Academic basis: arXiv:1701.06538 (Shazeer et al., MoE), arXiv:2101.03961 (Fedus et al., Switch Transformers), arXiv:2210.17323 (Frantar et al., GPTQ — quantization-aware reference comparison), arXiv:1910.07467 (Zhang & Sennrich, RMSNorm — empirically load-bearing in M32d Step 5), arXiv:2104.09864 (Su et al., RoPE — load-bearing in M32d Step 5b).

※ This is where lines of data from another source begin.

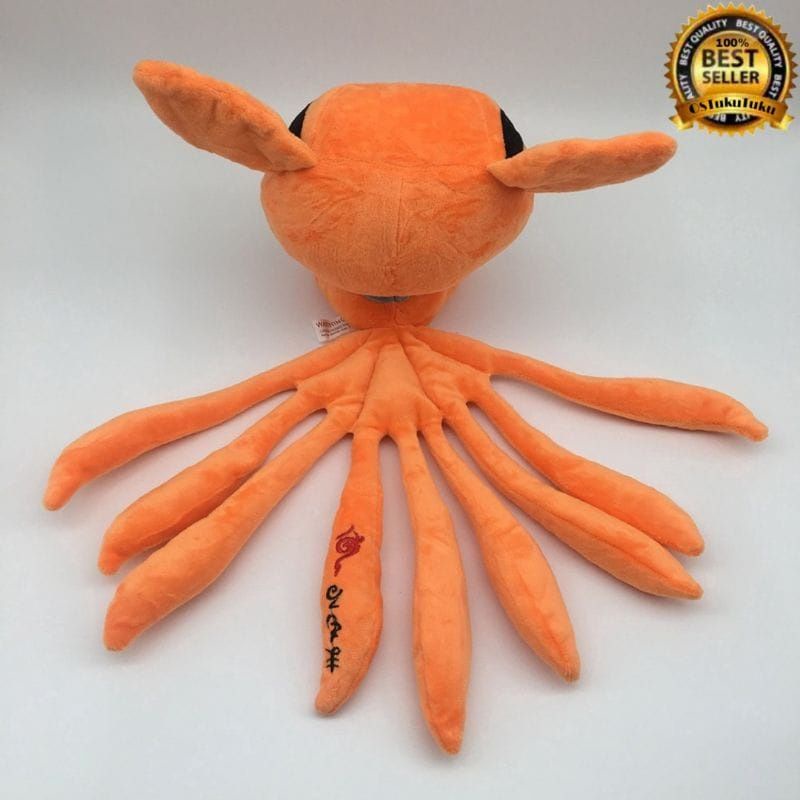 Boneka Anime Naruto Kyubi Kurama Nine-tales Fox Animal Soft Stuffed Toys For Children Plush Doll Gift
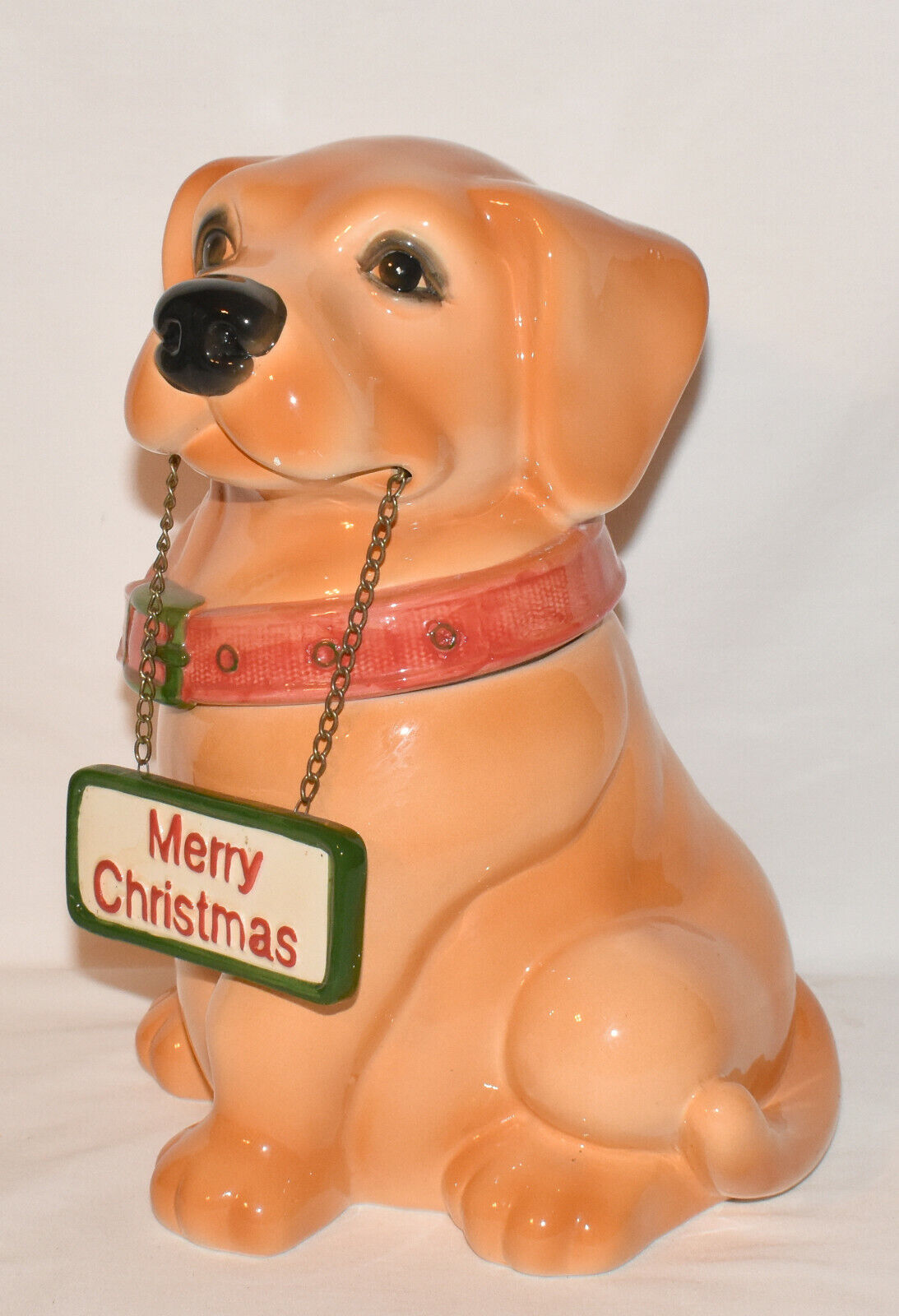 Christmas dog 2025 cookie jar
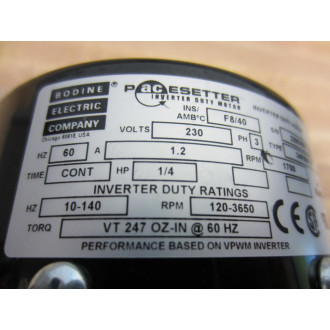 Bodine 34R6BFPP Motor - New No Box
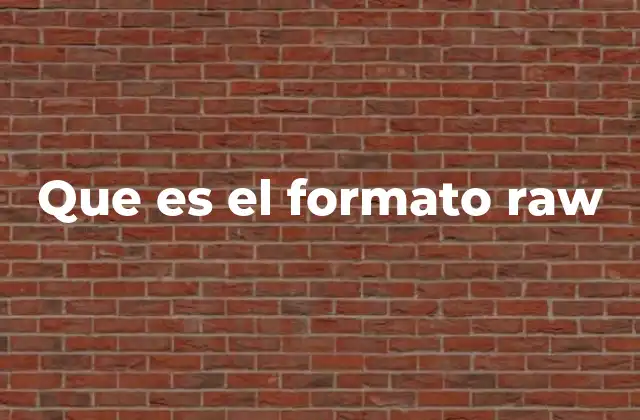 Que es el Formato Raw 2 Cómo funciona el formato RAW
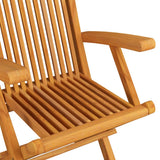 vidaXL Garden Chairs 4 pcs folding solid teakwood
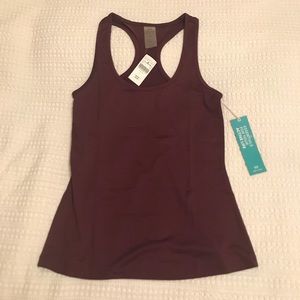 Cory Vines size S wine racerback athletic top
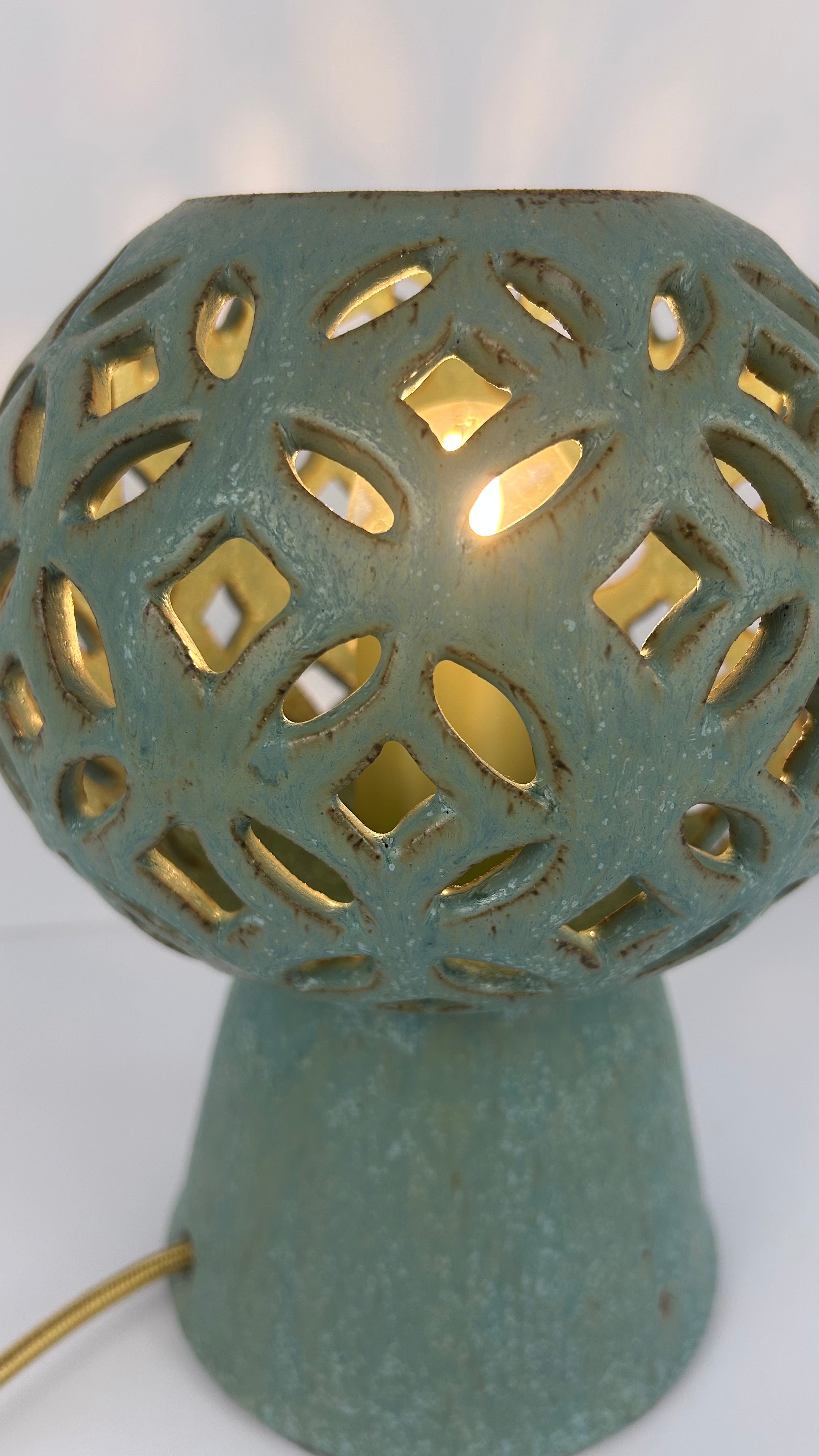 Pierced Table Lamp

M32d Step 4, bypassed because the rank-3+rank-4 fix discharged the symptom; remains useful for future MoE numerical-correctness investigations (and will be load-bearing for sub-extension 2 GPU-vs-CPU bisection). Extends apr trace --json --payload to emit per-token router output (softmax over experts), top-k expert ids, and per-expert L2 contribution norms.
Academic basis: arXiv:1701.06538 (Shazeer et al. — original gated MoE router), arXiv:2202.09368 (Zoph et al., ST-MoE — router-stability instrumentation precedent).